Wednesday, December 27, 2006

im confused. caught between him and des.
i never gave promises cos im scared i can't fulfill. but if given another chance, i promise i'll never let you down.
that is if you have a chance.
with des, i don't know what's the problem. if im not feeling so un-wanted half the time, my heart probably wouldn't even be faltering the slightest bit when i saw those words from him. i love des but he doesn't need me as much in his life. i always feel that im replaceable somehow. yes, replaceable.
how do you know i don't wanna see you?
because there's no 'i miss you's or 'i wanna see you's. *sigh* i can't read your mind. how would i know anyway? i can't assume that you miss me also when you don't tell me.
its not that im not trying. i try to keep my days after work free, in the hope you might ask me out. but... you are either too tired or already have plans for yourself. so is this distance for better or for worse?
i can't decide.



Thursday, December 21, 2006

yesterday darling and i went to watch the movie 'the holiday'. it was nice and sweet. i always love movies with happy endings. :p after that we had seafood platter at fish and co. for dinner. hee. my favourite!
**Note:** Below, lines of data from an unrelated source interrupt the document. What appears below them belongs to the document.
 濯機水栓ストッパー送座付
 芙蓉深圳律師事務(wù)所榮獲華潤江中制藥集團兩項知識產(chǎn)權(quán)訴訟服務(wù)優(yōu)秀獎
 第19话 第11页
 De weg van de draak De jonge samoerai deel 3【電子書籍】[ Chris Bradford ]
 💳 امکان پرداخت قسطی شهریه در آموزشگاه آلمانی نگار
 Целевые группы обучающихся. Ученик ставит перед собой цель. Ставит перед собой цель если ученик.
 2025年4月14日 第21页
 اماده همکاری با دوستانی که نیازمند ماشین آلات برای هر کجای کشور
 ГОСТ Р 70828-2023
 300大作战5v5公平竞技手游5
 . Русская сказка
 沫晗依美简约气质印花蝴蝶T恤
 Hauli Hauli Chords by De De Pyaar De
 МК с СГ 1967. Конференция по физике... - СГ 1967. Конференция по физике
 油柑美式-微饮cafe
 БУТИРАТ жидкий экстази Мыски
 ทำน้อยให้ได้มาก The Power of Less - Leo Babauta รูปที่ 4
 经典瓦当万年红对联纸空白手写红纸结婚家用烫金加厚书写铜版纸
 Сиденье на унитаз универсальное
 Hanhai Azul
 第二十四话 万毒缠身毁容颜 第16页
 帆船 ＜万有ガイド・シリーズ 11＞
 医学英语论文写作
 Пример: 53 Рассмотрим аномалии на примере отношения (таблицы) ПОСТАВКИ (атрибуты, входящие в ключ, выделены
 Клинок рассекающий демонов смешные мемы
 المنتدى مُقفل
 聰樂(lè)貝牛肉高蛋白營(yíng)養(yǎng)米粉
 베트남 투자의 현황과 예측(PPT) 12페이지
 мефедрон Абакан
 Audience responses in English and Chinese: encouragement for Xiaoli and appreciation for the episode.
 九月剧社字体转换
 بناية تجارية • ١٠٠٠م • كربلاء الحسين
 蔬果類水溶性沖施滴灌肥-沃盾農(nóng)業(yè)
a lot of times, i look at him and start wondering again: will this happiness end someday? will this last forever? will his love stay the same for me always? will there be a day when we have to say goodbye?

everytime i start trusting Love again, my fear of being betrayed or hurt by Love starts acting on me simultaneously. the more i love him, the more im haunted by this feeling. everyday of my life. but sometimes, his love just seems to be able to chase all these fears away.

*BIG sigh* did i forget to mention that yanbin started e-mailing me from his EURIP trip? i realize im not that heartless person i thought i could become. when i walked out from the whole traumatizing affair, i told myself i will not drop a tear for him anymore. but when i read his e-mails, i couldn't help but start crying. not because of love. but rather, how could something we picture to last didn't work out eventually?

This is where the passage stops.